Historic Landscape Characterisation

The Vale of Clwyd:
Moel y Parc, Aberwheeler, Denbighshire
(HLCA 1035)


Unenclosed upland forming part of Clwydian hills towards the northern end of the landscape area.

Historic background

The character area falls in the south-east corner the ancient ecclesiastical parish of Bodfari. Like the Penycloddiau character area it lay within the commote of Dogfeilyn in the medieval cantref of Dyffryn Clwyd, later to become the medieval lordship of Ruthin, the crest of Clwydian hills at this point having formed the boundary between Dyffryn Clwyd and the cantref of Tegeingl, along the historic boundary between the counties of Denbighshire and Flintshire. Prehistoric activity in the area is represented by two Bronze Age mountain-top cairns near the summit of Moel y Parc.
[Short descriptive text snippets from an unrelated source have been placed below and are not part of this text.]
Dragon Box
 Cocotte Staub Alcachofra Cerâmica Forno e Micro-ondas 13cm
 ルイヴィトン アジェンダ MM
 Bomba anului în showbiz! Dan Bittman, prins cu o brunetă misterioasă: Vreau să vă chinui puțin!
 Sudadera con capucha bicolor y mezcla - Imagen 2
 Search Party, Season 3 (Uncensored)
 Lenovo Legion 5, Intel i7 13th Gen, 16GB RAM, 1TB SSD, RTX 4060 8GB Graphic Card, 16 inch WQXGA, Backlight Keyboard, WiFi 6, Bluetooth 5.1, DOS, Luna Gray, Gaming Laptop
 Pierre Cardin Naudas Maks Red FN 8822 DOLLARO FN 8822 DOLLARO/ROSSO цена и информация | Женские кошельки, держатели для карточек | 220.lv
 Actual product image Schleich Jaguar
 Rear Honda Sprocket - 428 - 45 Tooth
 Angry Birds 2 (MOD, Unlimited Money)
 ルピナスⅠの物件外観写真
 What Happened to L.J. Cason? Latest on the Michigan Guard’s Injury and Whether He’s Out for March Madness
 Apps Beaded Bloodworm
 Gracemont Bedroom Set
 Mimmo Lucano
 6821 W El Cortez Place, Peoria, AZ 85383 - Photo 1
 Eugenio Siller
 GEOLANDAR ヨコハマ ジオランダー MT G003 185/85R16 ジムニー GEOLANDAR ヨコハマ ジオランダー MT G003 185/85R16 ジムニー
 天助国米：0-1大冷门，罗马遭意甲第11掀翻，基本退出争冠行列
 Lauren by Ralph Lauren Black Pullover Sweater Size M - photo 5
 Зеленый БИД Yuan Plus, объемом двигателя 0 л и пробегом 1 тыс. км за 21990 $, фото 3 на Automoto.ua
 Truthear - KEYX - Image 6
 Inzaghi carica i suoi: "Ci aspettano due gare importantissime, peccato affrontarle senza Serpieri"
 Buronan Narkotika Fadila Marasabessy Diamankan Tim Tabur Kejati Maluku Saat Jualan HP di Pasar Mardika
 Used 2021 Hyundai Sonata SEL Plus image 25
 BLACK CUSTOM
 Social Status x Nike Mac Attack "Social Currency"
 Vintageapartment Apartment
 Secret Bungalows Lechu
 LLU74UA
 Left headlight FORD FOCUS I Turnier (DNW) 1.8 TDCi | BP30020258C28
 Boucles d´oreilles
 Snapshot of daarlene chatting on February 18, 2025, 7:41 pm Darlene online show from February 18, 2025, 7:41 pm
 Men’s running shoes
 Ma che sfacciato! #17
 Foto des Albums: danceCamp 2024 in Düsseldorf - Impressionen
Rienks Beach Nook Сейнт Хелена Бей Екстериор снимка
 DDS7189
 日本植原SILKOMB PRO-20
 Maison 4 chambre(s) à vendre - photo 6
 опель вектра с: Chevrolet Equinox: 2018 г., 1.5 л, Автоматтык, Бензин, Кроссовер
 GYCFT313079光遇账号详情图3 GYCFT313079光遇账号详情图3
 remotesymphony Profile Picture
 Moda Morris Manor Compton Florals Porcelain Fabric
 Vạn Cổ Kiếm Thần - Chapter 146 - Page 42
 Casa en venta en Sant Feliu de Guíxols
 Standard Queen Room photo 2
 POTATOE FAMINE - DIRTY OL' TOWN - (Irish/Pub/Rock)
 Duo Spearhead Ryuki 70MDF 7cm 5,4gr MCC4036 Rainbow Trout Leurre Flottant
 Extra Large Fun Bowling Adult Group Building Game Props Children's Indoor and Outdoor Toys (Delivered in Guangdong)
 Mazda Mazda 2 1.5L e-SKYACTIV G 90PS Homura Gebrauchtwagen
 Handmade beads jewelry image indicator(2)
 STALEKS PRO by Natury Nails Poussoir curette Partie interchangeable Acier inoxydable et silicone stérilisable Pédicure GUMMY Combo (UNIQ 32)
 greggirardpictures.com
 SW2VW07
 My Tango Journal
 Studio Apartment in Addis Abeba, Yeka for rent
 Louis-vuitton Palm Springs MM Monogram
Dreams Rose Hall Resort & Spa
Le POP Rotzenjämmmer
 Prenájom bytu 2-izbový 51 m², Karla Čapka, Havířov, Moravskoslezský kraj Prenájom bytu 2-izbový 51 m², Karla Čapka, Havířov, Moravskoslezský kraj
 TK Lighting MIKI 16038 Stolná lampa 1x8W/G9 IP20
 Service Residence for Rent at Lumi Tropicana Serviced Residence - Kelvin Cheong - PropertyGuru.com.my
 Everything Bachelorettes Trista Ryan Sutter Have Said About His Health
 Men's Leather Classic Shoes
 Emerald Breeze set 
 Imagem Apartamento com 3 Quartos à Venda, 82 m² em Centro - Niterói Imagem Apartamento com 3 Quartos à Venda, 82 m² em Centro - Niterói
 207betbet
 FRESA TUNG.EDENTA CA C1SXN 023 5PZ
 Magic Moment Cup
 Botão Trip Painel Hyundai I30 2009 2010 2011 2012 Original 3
Key historic landscape characteristics

Prominent, round-headed hill forming distinctive landmark mid-way along the Clwydian hills and forming part of the Clwydian Range AONB. Upland area running along the top of the Clwydian hills, between 125-398m above OD, rising steeply to the south of the Aberchwiler valley to the north and the vale to the west, and sloping more gently to the east. Most of the area is registered common land.

The foundations of at least one rectangular long hut towards the south-west side of the area suggests seasonal upland settlement during possibly the late medieval or early post-medieval periods.

Unimproved, treeless upland pasture similar to the Penycloddiau and Moel Famau character area to the south but physically separated by the band of enclosed fields running up onto the hills at Aifft. The summit of the hill is generally rough grassland, with extensive areas of bracken and clumps of gorse on the slightly lower ground, above the margins of the enclosed land, managed by periodic burning off. The lower margins of the area are defined by post and wire fences and in places by low field banks with grown out hedges replaced with post and wire fences. Small sheep scrapes on steeper ground.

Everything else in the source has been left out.